Now with the primary product / market fit quadrant filled out, my canvas looks like this…
Minimum Viable Product
I’m not done with the canvas, but I’ve already got a pretty good idea of what to build for my MVP. The three Uses in my Value Proposition will drive the bulk of what I need to build.
Clearly I’m going to have to get a puppy to Zeek so he can pick up girls outside somewhere. That’s one feature and I’m only going to need one puppy to start with. With a little luck, I can borrow one to get going. Worst case scenario, I’ll head to the pound.
Feature #2 is going to have to be some sort of poop management service. I can probably concierge test this and run after Zeek with a pooper scooper if it’s an issue.

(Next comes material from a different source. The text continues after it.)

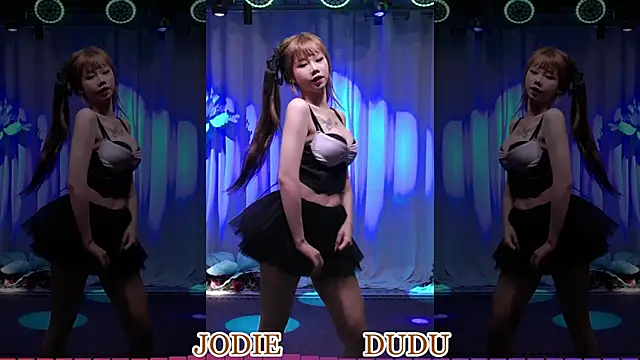 Snapshot of yznt-dudu chatting on 05/15/26, 02:53 yznt-dudu online show from 05/15/26, 02:53
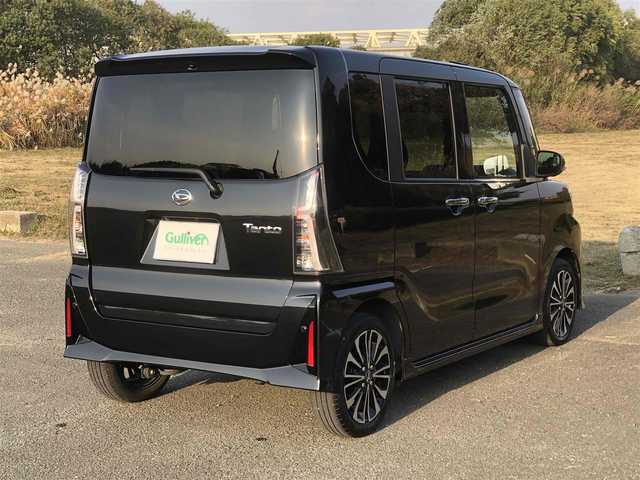 ダイハツ タント カスタム RS 福岡県 2022(令4)年 2.8万km ブラックマイカメタリック 9インチスマホ連携ディスプレイオーディオ/　フルセグTV/Bluetooth/HDMI/　Apple CarPlay/Android　Auto/社外前後録画ドライブレコーダーミラー/　（バルーチェII　No.5700）/アラウンドビューモニター/ハーフレザーシート/前席シートヒーター/アイドリングストップ/ウィンカーミラー/プッシュスタート/両側パワースライドドア/ETC/純正LEDヘッドライト/純正フロアマット/保証書/取扱説明書/スマートアシスト/・衝突警報機能（対車両・対歩行者）/・衝突回避支援ブレーキ機能（対車両・対歩行者）/・ブレーキ制御付誤発進抑制機能（前方・後方）/・車線逸脱警報機能/・車線逸脱抑制制御機能/・路側逸脱警報機能/・ふらつき警報/・先行車発進お知らせ機能/・標識認識機能/・全車速追従機能付ACC/　（アダプティブクルーズコントロール）/・LKC（レーンキープコントロール）/・AHB（オートハイビーム）/・ADB（アダプティブドライビングビーム）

My last Use isn’t going to generate any more features because my guess/hypothesis is that when Zeek gets to the park with his rent-a-pup he’s not going to have to worry about stray cats in need of a swift kick. Cats don’t really hang out in the park and my hope is that Zeek will also be distracted by all the new lady attention. So that’s a bonus.
That’s not all though.A Minimum Viable Product without a channel to reach the customer is a Maximum Waste of Time. Click To Tweet
In addition, I’ll need the Relationship to provide Support and for me to complete the Think-Make-Check (or Build-Measure-Learn) cycle so I’ll also rent one pedicab to do my first direct sales from the back. I’ll keep my mobile phone number on the puppy collar for the support desk so that Zeek can call and the pedicab can rush me to an “emergency cleanup.”
There’s a lot more to do, but after that rigorous 30 minutes of work (in BMC time, not writing time) I’m ready to take a break. When you’re ready…read on to part two of the Business Model Canvas for Puppies-as-a-Service.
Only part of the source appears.